= Humphrey Lloyd (bishop) =

Welsh bishop

Humphrey Lloyd (July or August 1610 - 18 January 1689) was Bishop of Bangor from 1674 until 1689.

==Life==
Lloyd was the third son of the vicar of Ruabon, Denbighshire, Wales, and was born in Trawsfynydd, Merioneth, Wales. He studied at the University of Oxford, matriculating from Jesus College in 1628 but graduating from Oriel College in 1630, becoming a fellow of Oriel, where he was a tutor for many years, in 1631. During the English Civil War, he was arrested in September 1642 for uttering Royalist views when the Parliamentarian Lord Lieutenant of Oxfordshire visited Oxford. In 1644, he was appointed prebend of Ampleforth by John Williams, the Archbishop of York, to whom Lloyd was chaplain, but the advance of the Scottish army prevented his installation at that time.

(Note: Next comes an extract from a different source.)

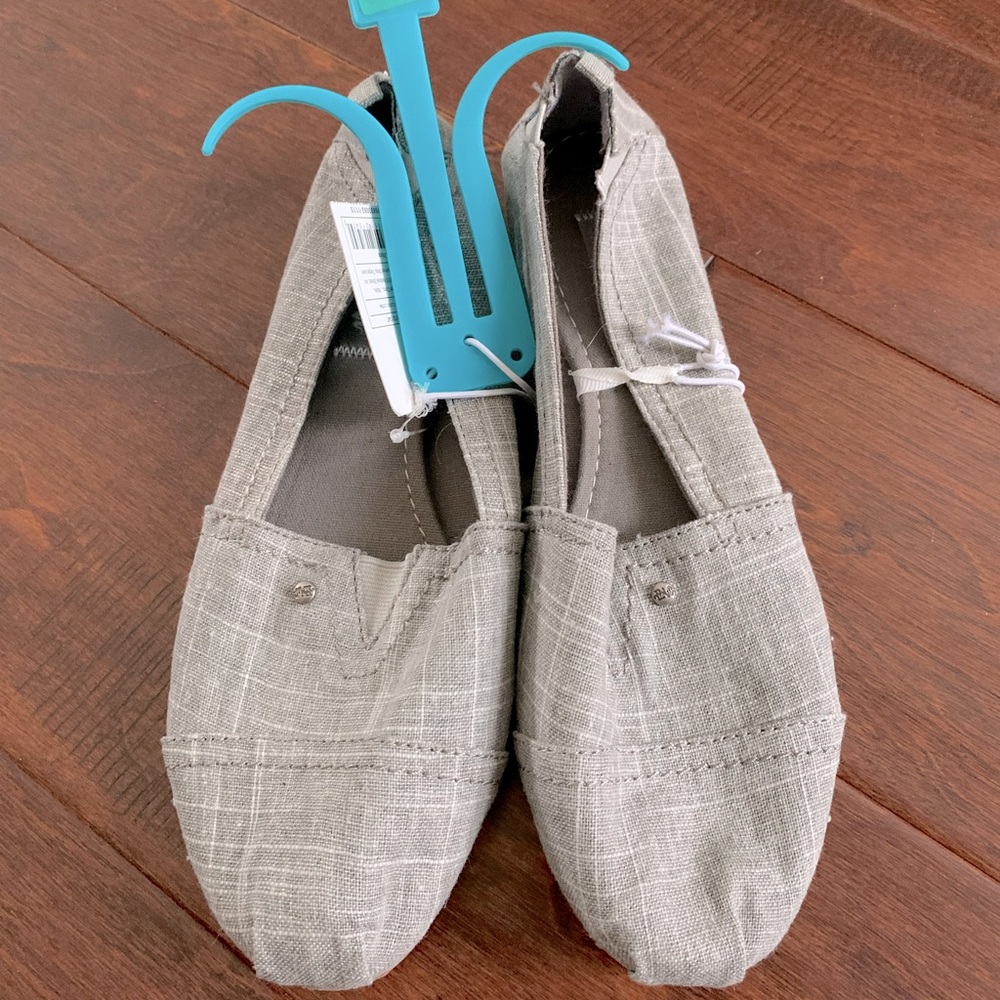 Mad Love Size 8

Three years later, in 1647, the House of Lords ordered that he be installed as vicar of Ruabon on taking the National League and Covenant, but he would appear not to have stayed in post for long, if indeed he was installed at this time. However, following the Restoration, Lloyd returned to Ruabon and was also installed as prebend of Ampleforth. He was awarded his DD degree in 1661, when he also became vicar of Northop. He was appointed as Dean of St Asaph in 1663, resigning as vicar of Northop in 1664.

In 1673, Lloyd was appointed Bishop of Bangor; in addition, he was permitted to be archdeacon of Bangor and of Anglesey, prebend of Ampleforth and vicar of Gresford (where he had recently succeeded his brother after leaving Ruabon). He was enthroned on 5 January 1674, by proxy. As bishop, he was hostile to dissent and to presbyterian missionaries. He died on 18 January 1689, and was buried in Bangor Cathedral.